1. Thanks for recommending Moore's Quantum volume "Six ideas that shaped physics". If I manage to get a copy under my eyes, I will jump right away to Schrödinger's equation.

2. I'm aware that I don't wipe away all the difficulties in teaching QM, but I believe that with my approach quantum physics may be taught at the same level as classical physics. Classical physics with billiard balls or bullets, quantum physics with rotating arrows. Feynman initiated this approach with his "All we do is draw little arrows on a piece of paper". It is of interest to extend this approach to "All we do is imagining little arrows in 3D space", because QM is fundamentally about objects that are described by vectors, i.e. arrows.

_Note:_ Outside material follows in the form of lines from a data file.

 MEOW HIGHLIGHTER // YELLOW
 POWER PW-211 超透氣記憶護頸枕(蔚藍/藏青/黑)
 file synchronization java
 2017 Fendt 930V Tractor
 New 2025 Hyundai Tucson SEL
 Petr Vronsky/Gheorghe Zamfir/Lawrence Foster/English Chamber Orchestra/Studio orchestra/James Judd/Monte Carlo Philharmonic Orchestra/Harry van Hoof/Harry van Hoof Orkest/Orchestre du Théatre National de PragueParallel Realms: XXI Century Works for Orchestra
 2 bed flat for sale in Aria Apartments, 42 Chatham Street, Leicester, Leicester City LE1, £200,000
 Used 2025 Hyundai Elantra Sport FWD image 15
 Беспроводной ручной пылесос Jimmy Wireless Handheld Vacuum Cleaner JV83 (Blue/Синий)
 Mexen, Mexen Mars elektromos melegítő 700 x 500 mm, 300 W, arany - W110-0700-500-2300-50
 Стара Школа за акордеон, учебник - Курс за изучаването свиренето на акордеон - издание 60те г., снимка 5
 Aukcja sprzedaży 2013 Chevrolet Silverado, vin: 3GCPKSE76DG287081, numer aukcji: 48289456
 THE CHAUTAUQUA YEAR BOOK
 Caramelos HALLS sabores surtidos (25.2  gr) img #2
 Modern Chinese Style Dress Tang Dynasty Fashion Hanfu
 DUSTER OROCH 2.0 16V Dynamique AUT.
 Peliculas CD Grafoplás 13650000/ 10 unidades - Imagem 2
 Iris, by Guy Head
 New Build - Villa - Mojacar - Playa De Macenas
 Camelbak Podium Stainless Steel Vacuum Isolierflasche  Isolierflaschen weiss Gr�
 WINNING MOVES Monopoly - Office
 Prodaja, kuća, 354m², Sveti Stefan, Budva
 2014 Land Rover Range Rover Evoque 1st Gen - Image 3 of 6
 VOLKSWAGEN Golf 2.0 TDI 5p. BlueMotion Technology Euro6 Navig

3. Indeed, there have always been attempts to describe reality in terms of waves (periodical behaviour) and particles. Huygens, but also Newton with his corpuscles that are pulsed by his vibrating aether. 17th century physicists already had the feeling for pilot-waves. Funny that, for more than three centuries, we didn't try to put this idea to the test with ordinary systems.

@Frank

In quantum field theories, forces are mediated by particles. The same for ordinary analogues of quantum field theories. I've not worked out any of these analogues to full extent, so I have only some guiding principles, like: the influence of an object decreases as the inverse of the square distance, two needles are weakly coupled if they glide on each other but are strongly coupled when three of them are aggregated, etc.

@Andreas

I totally agree with you that alternative theories have to be measured against the success of QFT. As you may have noticed in my essay, I don't propose an alternative theory. I try to explain QM (and consequently QFT) "as it stands". I don't think we need another theory. There is need for making sense of the theory "as it stands" (Smolin's Problem n°2 in "The Trouble with Physics").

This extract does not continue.